Research tasks will be silently downgraded.
Another point of controversy stems from Anthropic’s own disclosed system card. The documents reveal that when the model detects a user is engaged in tasks related to cutting-edge large model development—such as pre-training workflows, distributed training infrastructure, or machine learning accelerator design—the system does not directly refuse to answer or explicitly prompt a switch to a weaker model. Instead, it reduces answer quality through methods such as modifying prompts, guiding vectors, or parameter-efficient fine-tuning.
The report notes that such interventions are not disclosed to users. For researchers, this means it is difficult to determine whether poor results stem from flaws in the research design itself or from the model’s capabilities being restricted in the background.
Anthropic estimates that such cases affect approximately 0.03% of traffic. However, many researchers and open-source developers argue that the issue is not just about the proportion, but that this practice undermines verifiability and reproducibility, and erodes users' expectations of consistency in model outputs.

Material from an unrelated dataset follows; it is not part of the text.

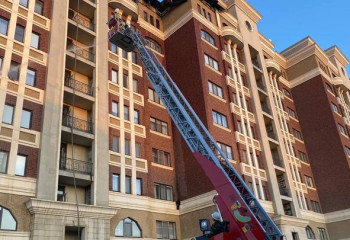 Атыраулық полицейлер өртеніп жатқан үйден 25 адамды шығарды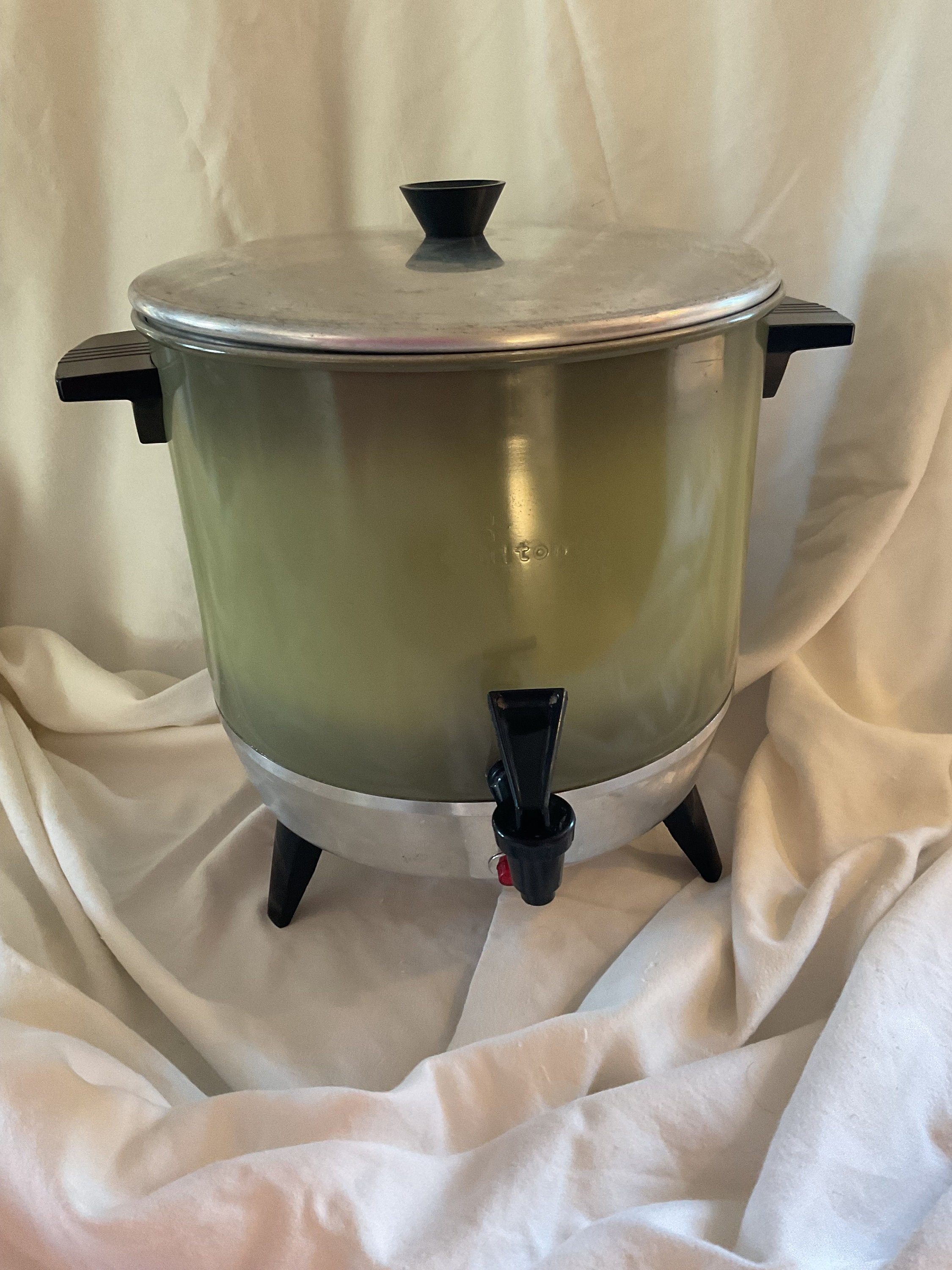 Vintage Coffee 12-30 Cup Harvest Gold West Bend Electric Coffee Percolator  Urn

30-day data retention raises concerns
The report also noted that Fable 5 and Mythos 5 enforce a mandatory 30-day data retention policy with no exceptions. This arrangement has further fueled dissatisfaction among developers and the research community, particularly for users handling sensitive projects, proprietary code, or research materials, where data handling practices are a critical consideration.
Based on current feedback, public opinion on Fable 5 is not entirely negative. Some users appreciate its performance in programming and daily tasks, but controversies surrounding cost, transparency, and data policies at launch have quickly overshadowed the product’s capabilities.